- What to do:
Going through the material below, output exactly the lines from the one containing "Villa pour 20" through the one containing "Lease,For Rent,Lexington,73538482 39", and no pictures.

- Data shown:
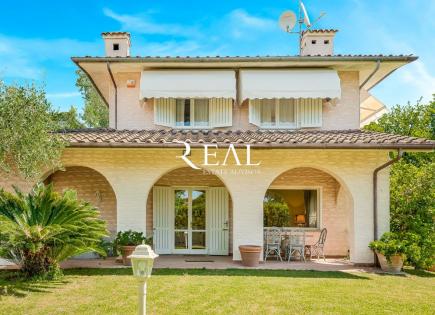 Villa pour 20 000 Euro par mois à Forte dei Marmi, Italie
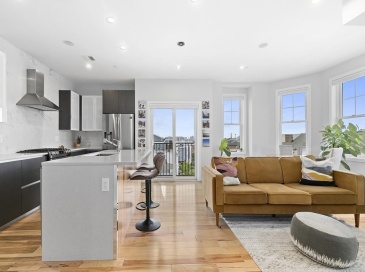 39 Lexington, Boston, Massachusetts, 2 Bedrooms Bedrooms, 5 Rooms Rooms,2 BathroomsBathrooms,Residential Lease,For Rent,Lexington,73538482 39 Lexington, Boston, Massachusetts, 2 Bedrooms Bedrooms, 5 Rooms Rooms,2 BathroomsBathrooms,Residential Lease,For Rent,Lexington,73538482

...

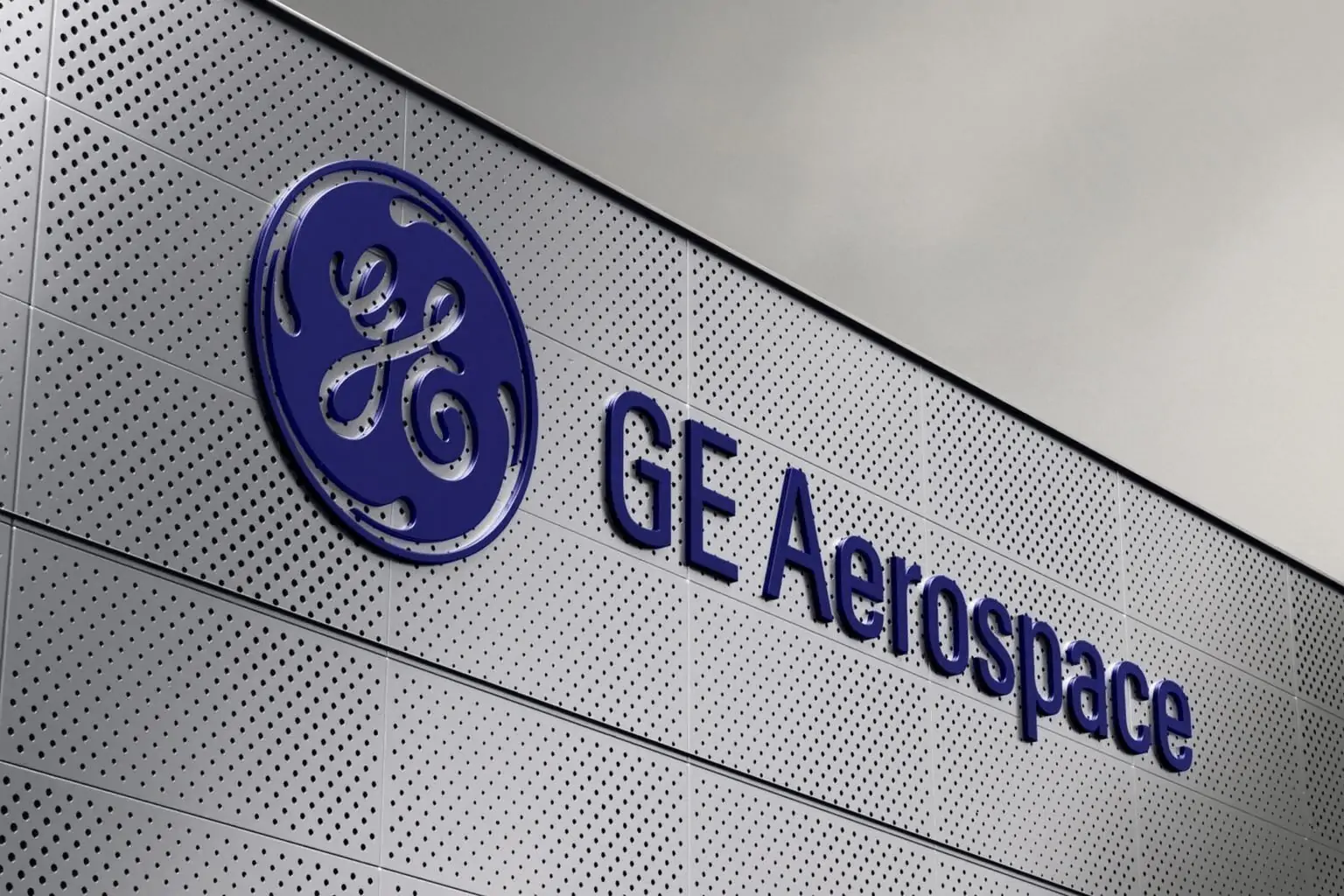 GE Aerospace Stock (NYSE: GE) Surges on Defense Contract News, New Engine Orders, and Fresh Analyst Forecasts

---

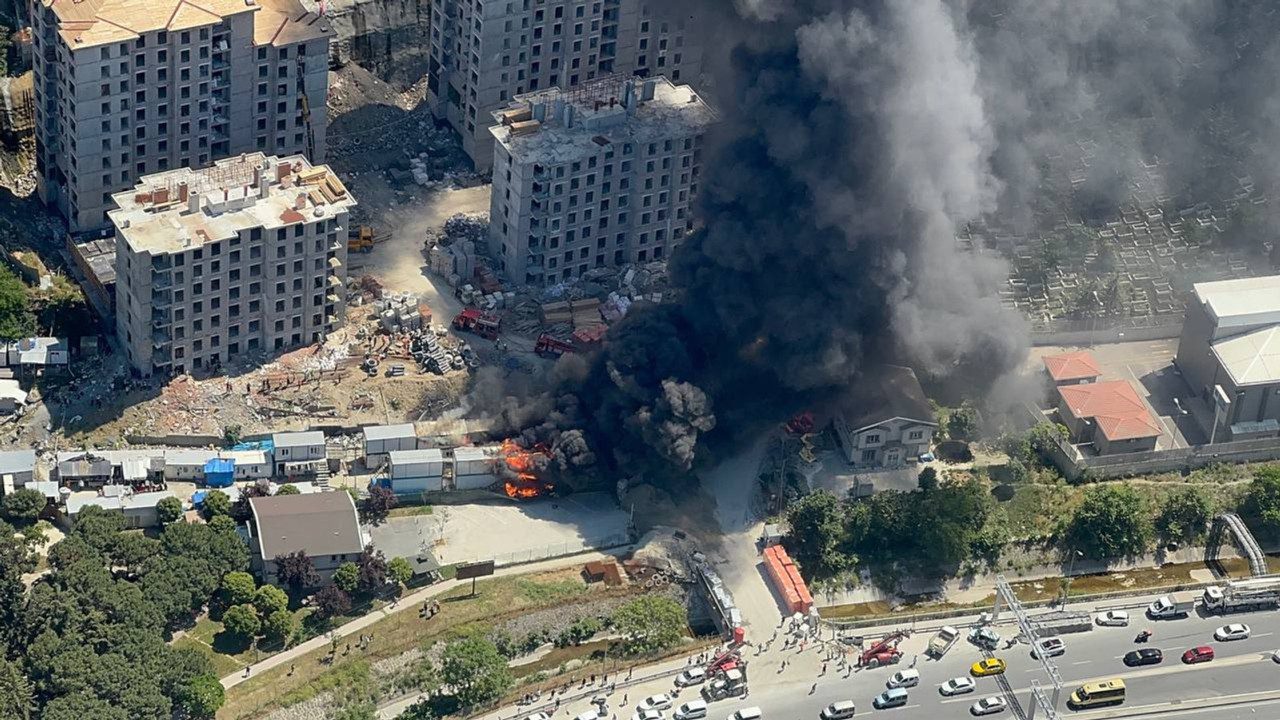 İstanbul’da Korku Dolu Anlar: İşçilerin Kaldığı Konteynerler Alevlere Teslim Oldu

- Result of this task:
 Villa pour 20 000 Euro par mois à Forte dei Marmi, Italie
 39 Lexington, Boston, Massachusetts, 2 Bedrooms Bedrooms, 5 Rooms Rooms,2 BathroomsBathrooms,Residential Lease,For Rent,Lexington,73538482 39 Lexington, Boston, Massachusetts, 2 Bedrooms Bedrooms, 5 Rooms Rooms,2 BathroomsBathrooms,Residential Lease,For Rent,Lexington,73538482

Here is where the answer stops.